IF you chuck two U(1) onto this then it can fall into the thirds as

[XX, -, -] [X, X, -] [X, -, X]

[-, XX, -] [ – , X, X] [ – , -, XX]

each with even chance. The top line gives smallest value less than 1/3, the second with smallest value > 1/3. Since both occur half the time, the expected value is 1/3. Its easier to show with a picture.

August 31, 2010 at 18:10 |

The same construction also seems to work for three U(1), giving an expectation of 0.25.

I wouldn’t trust this without algebra though! One without the other always seems dangerous in probability.

August 31, 2010 at 18:11 |

Great brain-teaser! I’ve got a nice algebraic way of doing it :o)

Let’s call our expected value M for mean.

We’ve got two random numbers, and let’s think about three possibilities: they’re both bigger than 0.5 (1/4 of the time), they’re both less than 0.5 (1/4 of the time) or one is bigger and one smaller (1/2 of the time).

The last case is the easiest to deal with: the smaller number is uniformly distributed between 0 and 0.5, so its EV is 0.25.

Now, if they’re both smaller than 0.5, we’ve just scaled the problem – the expected value has to be M/2. Similarly, if they’re both greater than 0.5, the expected value is 0.5 + M/2.

If we do the algebra:

M = (1/2)*0.25 + (1/4)*(M/2) + (1/4)*(0.5 + M/2)

8M = 1 + M + 1 + M

6M = 2

M = 1/3.

Neat, huh?

August 31, 2010 at 18:12 |

That :o) should have been a :), of course.

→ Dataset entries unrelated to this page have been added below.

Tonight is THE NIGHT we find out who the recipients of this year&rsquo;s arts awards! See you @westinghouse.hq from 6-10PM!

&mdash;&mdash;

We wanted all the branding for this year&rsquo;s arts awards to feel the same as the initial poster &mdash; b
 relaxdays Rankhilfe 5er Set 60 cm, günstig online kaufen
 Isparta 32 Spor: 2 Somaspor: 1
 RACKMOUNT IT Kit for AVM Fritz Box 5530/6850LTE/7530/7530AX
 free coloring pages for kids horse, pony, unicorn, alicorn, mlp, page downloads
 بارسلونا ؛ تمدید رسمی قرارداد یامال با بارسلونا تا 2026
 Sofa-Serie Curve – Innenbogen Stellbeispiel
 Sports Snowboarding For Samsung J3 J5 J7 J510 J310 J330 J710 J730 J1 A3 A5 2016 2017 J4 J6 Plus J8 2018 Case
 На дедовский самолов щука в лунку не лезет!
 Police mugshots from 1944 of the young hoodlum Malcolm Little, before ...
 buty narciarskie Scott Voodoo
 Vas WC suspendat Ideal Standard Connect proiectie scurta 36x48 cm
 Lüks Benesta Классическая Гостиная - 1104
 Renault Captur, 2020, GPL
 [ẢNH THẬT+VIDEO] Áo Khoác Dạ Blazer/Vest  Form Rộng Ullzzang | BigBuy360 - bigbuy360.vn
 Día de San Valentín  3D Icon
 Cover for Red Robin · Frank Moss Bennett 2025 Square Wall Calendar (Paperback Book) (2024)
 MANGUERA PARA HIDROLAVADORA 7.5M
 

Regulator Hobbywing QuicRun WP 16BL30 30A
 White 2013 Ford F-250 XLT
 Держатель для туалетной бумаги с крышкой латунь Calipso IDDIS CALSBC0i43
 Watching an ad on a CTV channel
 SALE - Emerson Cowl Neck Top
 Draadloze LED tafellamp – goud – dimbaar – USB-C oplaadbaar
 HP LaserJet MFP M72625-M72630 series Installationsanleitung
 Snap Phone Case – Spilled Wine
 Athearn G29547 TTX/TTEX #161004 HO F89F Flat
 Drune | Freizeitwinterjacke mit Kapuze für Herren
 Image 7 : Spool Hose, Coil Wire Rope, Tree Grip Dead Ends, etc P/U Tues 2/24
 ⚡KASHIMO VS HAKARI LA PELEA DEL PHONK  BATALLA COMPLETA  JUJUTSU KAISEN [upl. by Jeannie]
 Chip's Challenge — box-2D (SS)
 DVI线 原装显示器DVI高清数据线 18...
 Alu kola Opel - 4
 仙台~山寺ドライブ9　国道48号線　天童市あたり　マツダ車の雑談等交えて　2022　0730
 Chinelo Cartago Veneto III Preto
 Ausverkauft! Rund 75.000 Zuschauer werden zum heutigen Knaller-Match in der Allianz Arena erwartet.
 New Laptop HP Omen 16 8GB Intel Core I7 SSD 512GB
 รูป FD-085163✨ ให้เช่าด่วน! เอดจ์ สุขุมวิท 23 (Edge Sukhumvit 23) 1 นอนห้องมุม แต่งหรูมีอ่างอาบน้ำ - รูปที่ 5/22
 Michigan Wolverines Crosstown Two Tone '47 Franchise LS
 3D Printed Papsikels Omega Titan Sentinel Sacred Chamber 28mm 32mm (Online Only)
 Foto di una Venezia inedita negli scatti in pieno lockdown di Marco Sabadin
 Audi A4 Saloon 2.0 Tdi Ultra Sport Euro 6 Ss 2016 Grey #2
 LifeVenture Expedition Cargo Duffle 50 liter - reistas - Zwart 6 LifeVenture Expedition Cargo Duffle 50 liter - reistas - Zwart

August 31, 2010 at 19:19 |

I think my intuition was trying to draw a picture like yours, Steve. I also wondered what would happen with more than two random variables.

Colin, I love your method for this, it’s much neater than the complicated integration methods, and makes sense to my poor non-probability-understanding brain 🙂

September 1, 2010 at 07:00 |

If you are interested in another way of thinking about it Alison you might also consider looking (in 3d) down onto a square labelling the values obtained – two sides are axes. Bottom left is ‘both turn out with zero’, top right is ‘both turn out with one’. Imagine the square is the base of a (irregular) pyramid where the height is the minimum obtained. The height along the two axes is zero and the height at 1,1 is 1. The volume of this baby is 1/3, so that’s the answer.

(To visualise this perhaps look at a discrete case where each value can take 0 to 10. Imagine building a ziggurat sort of thing where the height at each point is the minimum value achieved. There will be 10 steps. If you slide each step to be centred in the middle of the square you’ll see that you’ll end up with a pyramid)

In terms of intuition, it seems to me that probability is all about counting in the end, making sure that you don’t double count. For continuous distributions you can try to count sets of possibilities which occur with the same probability.